• [Web page caption snippets]:
-.-.-
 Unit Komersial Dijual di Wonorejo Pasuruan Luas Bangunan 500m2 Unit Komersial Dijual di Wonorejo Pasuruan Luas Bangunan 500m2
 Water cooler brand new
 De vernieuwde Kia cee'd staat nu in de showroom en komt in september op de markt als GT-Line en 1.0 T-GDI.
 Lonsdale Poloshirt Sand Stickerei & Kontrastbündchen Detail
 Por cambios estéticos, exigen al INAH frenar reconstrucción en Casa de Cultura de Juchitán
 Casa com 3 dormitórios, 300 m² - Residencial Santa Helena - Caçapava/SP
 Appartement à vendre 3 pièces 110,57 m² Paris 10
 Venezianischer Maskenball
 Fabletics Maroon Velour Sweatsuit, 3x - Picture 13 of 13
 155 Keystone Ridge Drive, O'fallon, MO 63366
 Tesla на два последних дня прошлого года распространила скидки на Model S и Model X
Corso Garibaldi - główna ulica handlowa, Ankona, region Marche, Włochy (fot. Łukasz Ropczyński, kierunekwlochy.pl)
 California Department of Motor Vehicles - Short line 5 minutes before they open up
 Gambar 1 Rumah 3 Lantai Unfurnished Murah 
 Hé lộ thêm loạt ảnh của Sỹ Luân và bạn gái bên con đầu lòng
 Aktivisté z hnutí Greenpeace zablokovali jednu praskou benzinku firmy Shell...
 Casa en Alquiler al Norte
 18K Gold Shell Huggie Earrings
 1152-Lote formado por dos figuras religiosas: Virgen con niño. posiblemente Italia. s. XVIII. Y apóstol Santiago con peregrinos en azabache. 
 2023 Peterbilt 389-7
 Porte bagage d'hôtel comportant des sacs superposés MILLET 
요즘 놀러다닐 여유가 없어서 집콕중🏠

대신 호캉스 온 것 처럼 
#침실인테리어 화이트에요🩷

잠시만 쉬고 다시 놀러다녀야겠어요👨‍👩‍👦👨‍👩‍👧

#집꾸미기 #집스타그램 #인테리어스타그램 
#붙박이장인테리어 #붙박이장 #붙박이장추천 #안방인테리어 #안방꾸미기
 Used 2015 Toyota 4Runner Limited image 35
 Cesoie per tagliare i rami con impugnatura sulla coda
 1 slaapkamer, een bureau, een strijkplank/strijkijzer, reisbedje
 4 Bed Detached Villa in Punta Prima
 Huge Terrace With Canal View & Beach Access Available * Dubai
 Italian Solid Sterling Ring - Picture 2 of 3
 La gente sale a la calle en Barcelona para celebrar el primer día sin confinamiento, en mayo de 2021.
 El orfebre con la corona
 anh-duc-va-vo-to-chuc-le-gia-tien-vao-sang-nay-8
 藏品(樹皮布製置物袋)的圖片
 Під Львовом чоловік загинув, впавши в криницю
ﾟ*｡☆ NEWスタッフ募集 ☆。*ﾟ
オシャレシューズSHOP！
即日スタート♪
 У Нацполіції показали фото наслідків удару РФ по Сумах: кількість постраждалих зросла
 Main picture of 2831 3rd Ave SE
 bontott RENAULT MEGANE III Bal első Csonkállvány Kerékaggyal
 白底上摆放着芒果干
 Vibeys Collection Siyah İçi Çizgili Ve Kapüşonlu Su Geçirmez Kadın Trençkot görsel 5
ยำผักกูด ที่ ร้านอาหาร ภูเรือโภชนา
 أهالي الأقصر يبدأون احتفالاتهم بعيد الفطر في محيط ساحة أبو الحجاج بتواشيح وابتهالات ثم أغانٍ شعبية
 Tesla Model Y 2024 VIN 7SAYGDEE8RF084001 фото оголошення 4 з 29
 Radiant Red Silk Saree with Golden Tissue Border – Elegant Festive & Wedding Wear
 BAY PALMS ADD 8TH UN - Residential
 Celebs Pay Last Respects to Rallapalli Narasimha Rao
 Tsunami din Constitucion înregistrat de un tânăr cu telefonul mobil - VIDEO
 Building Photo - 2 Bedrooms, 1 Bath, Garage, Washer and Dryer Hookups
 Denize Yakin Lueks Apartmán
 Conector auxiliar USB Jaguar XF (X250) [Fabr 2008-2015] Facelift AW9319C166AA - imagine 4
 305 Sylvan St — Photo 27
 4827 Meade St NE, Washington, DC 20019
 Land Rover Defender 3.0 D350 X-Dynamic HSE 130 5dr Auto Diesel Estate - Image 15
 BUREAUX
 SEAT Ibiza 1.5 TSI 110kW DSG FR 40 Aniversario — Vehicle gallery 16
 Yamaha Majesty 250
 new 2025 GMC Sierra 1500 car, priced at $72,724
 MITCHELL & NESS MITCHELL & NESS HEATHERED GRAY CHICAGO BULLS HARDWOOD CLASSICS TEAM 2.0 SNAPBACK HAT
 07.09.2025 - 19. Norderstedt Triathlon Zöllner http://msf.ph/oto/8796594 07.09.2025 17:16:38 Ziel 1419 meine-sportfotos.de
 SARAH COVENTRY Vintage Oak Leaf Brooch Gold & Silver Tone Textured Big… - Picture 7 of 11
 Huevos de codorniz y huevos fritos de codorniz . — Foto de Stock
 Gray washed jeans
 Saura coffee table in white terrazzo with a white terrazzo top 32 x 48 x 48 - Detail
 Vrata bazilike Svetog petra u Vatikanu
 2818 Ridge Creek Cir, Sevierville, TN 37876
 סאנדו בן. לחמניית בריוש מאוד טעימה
-.-.-
• [WHAT YOU WILL DO]: Copy out the lines above with "Photo" in them.

• [YOUR SOLUTION]:
 Building Photo - 2 Bedrooms, 1 Bath, Garage, Washer and Dryer Hookups
 305 Sylvan St — Photo 27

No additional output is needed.